[Image-text web data]
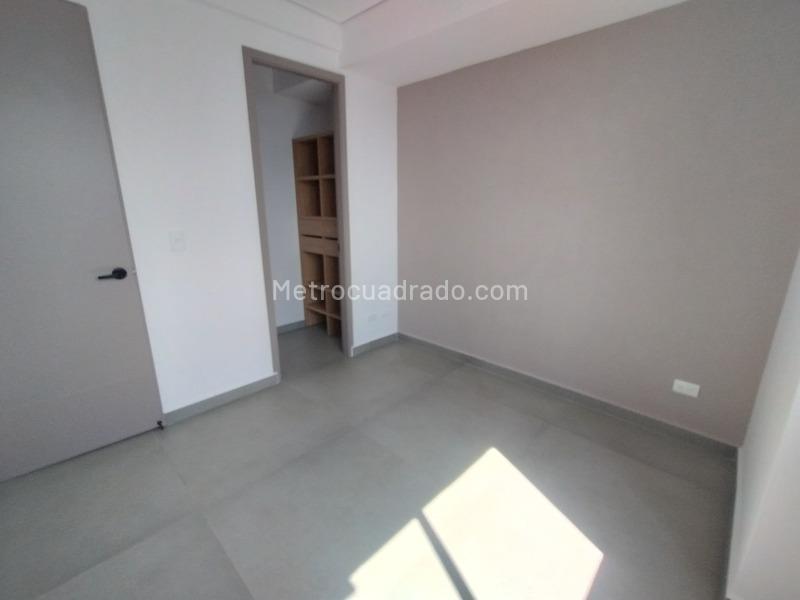 Apartamento moderno de 2 habitaciones en arriendo en Bello (Fabricato) - 8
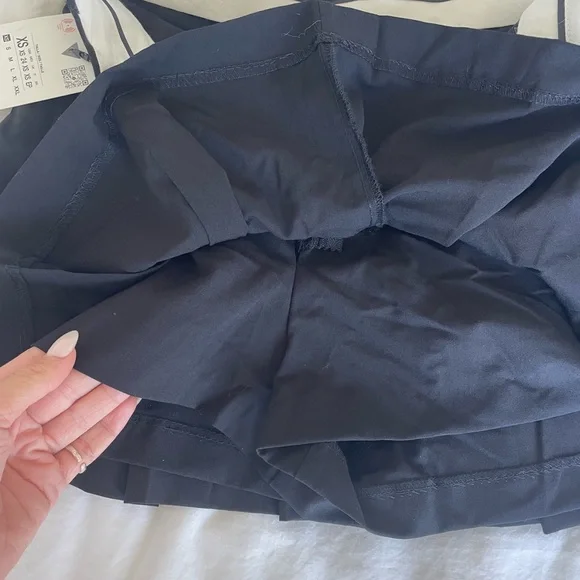 Zara Black Pleated Skirt - Picture 5 of 6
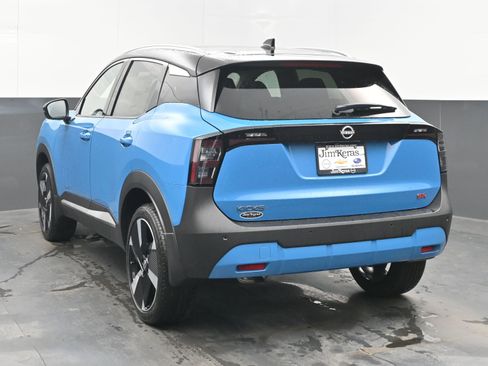 New 2025 Nissan Kicks SR image 6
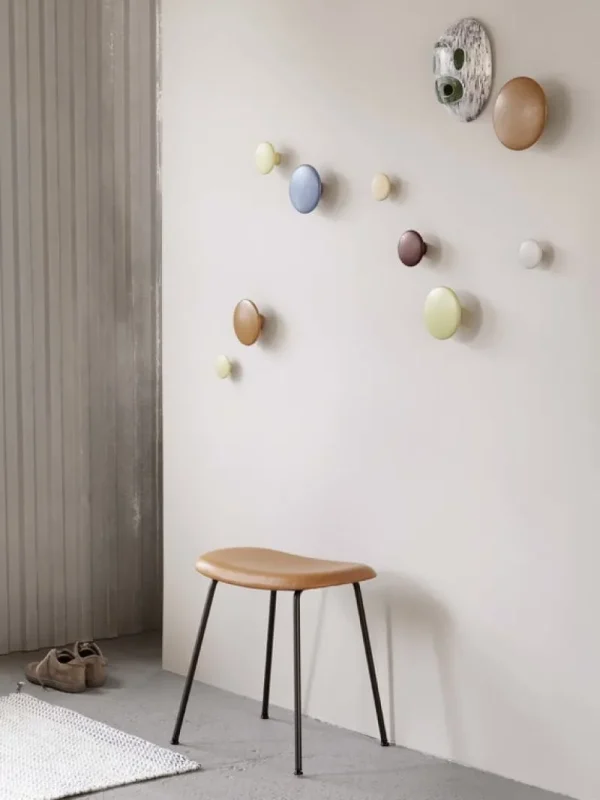 Muuto Garderoben Und Kleiderbügel^Garderobenhaken Dots Wood, hellblau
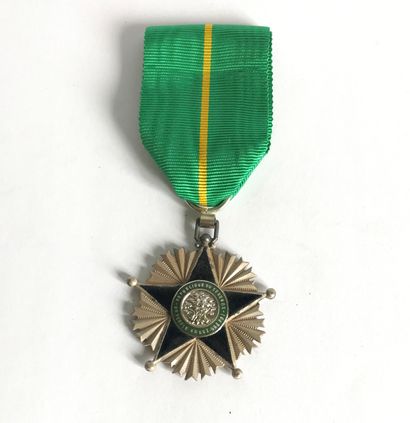 Médaille de Chevalier du Mérite de la République...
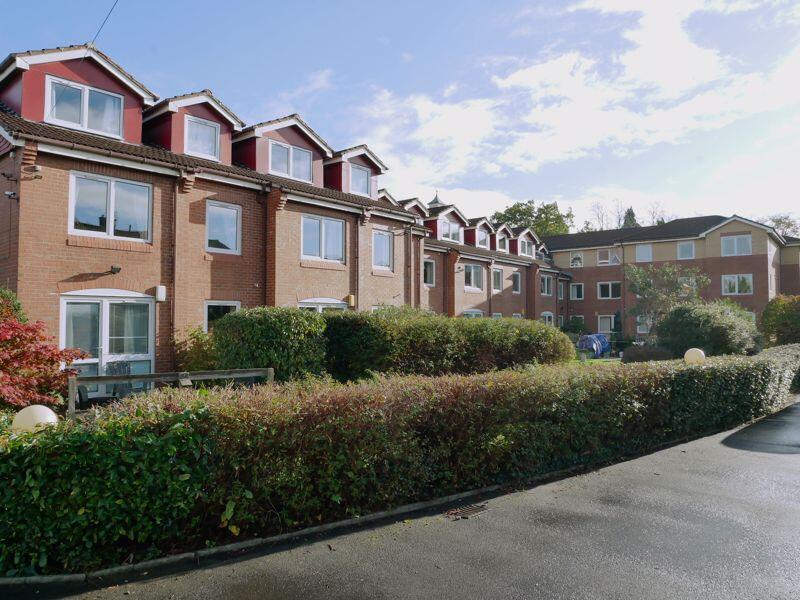 2-bed house on Willow Court, Brookside Road, Gatley, £130,000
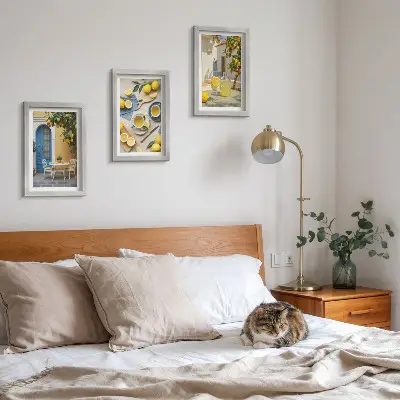 Bilderwand mit Motiven von Zitronenlimonade, blauen Türen und Sommeraussichten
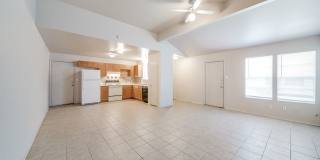 STONERIDGE DUPLEX - NORTH EAST I.S.D. Gallery 10
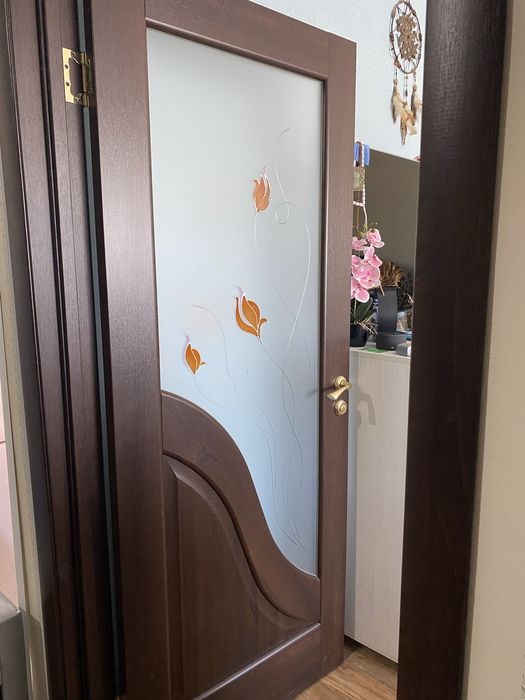 Продам 2 шт. двери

» EXERCISE BRIEF:
Give back exactly the lines from the one containing "New 2025 Nissan Kicks SR image 6" to the final line of the entries, both included, and no picture.

» RESULT OF THIS EXERCISE:
 New 2025 Nissan Kicks SR image 6
 Muuto Garderoben Und Kleiderbügel^Garderobenhaken Dots Wood, hellblau
 Médaille de Chevalier du Mérite de la République...
 2-bed house on Willow Court, Brookside Road, Gatley, £130,000
 Bilderwand mit Motiven von Zitronenlimonade, blauen Türen und Sommeraussichten
 STONERIDGE DUPLEX - NORTH EAST I.S.D. Gallery 10
 Продам 2 шт. двери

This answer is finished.